Turkish delight is squishier.
http://www.adena.com/adena/jb/jb01.htm"Victor A. Bonomo, who created and marketed Bonomo's Turkish Taffy, the brittle candy bar whose wrapper instructed buyers to smack it and crack it into many edible pieces, died on June 26 at his home in Bal Harbour, Fla. He was 100.
The candy, which first appeared as a nickel bar after World War II, became a favorite with the economy-minded. Unlike some of its competitors, which melted in your mouth, Turkish Taffy eroded slowly, and it was so chewy that a single bar could last through most of a double feature at the movies.
Mr. Bonomo (pronounced BAHN-uh-moh) was born into the candy business and actually had Turkish roots. His father, Albert J., was a Sephardic Jew who had emigrated from Turkey. In 1897, the year before Victor Bonomo was born, his father started making candy in Coney Island to supply concessions at the amusement park. After World War I, Victor joined his father in running the candy factory on Eighth Street in Coney Island, where saltwater taffy and hard candies were produced.
As World War II ended, sugar rationing gave way and the entire country was eager to indulge its sweet tooth. Bonomo's joined the race to satisfy the surging demand, promoting three candy bars, "Thanks," "Hats Off" and "Call Again," which Tico Bonomo, Victor's son, described as "poor man's Milky Ways."

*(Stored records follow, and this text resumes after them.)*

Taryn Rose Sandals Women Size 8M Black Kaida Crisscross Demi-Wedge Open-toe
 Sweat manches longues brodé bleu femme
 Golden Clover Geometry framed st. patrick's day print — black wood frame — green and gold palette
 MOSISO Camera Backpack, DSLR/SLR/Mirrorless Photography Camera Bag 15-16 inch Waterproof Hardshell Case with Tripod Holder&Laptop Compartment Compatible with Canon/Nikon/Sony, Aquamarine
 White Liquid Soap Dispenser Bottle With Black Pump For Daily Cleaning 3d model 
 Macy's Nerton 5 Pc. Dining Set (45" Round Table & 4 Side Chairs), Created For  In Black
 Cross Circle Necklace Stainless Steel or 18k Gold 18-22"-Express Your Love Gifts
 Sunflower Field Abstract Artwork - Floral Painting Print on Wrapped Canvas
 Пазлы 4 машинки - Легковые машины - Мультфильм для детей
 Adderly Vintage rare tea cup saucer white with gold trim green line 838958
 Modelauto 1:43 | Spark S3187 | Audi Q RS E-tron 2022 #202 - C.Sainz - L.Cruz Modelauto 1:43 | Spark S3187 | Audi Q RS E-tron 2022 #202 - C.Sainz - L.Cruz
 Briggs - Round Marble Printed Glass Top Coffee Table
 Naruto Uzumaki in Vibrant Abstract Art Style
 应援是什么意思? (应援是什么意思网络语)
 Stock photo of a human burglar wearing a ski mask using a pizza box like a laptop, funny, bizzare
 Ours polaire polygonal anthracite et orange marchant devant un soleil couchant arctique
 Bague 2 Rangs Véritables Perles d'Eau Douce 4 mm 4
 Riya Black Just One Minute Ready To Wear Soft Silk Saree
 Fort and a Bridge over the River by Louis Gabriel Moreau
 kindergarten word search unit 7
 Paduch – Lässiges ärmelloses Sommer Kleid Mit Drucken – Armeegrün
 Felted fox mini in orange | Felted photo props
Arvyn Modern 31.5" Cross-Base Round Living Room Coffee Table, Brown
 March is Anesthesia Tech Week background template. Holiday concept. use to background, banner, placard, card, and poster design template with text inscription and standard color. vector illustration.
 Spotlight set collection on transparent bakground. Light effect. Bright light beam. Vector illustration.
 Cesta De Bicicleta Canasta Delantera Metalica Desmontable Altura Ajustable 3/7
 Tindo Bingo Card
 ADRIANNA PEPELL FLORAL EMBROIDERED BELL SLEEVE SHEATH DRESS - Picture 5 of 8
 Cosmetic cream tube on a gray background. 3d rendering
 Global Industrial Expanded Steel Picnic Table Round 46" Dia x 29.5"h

Then the candy cooks at the Coney Island factory came up with a batter of corn syrup and egg whites that was cooked and then baked.
"It was not really a taffy but what is technically known as a short nougat," explained Tico Bonomo. Nor was it Turkish. "It was not a family recipe and the name we chose, 'Turkish Taffy,' just reflected clever marketing," he said. "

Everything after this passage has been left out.